Problem statement: Exact copies of all the lines below are needed, without the pictures.

Dataset extract:
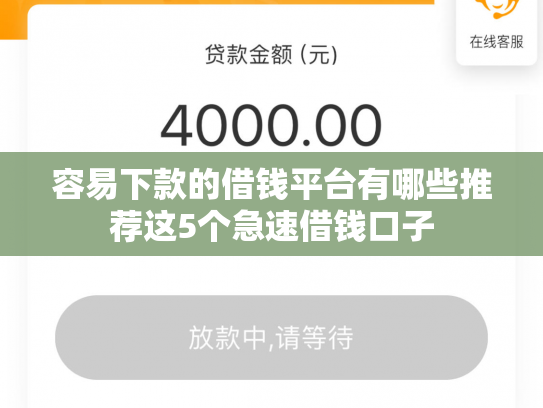 容易下款的借钱平台有哪些推荐这5个急速借钱口子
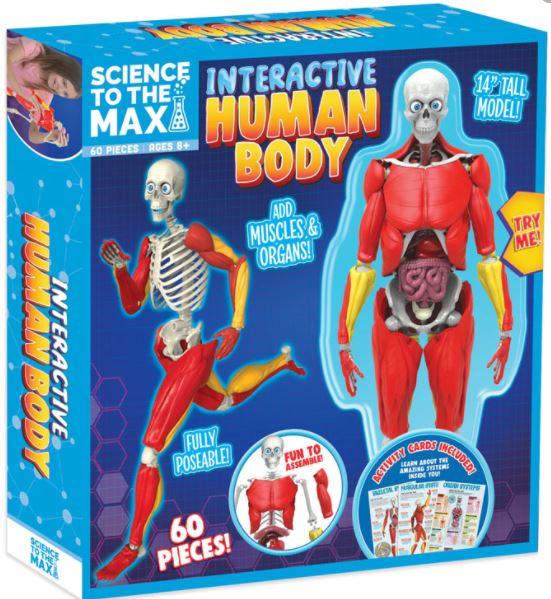 Science to the Max - Interactive Human Body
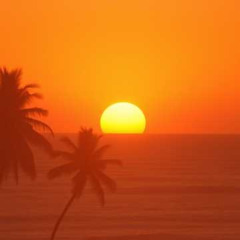 Sunset Beat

Task response:
 容易下款的借钱平台有哪些推荐这5个急速借钱口子
 Science to the Max - Interactive Human Body
 Sunset Beat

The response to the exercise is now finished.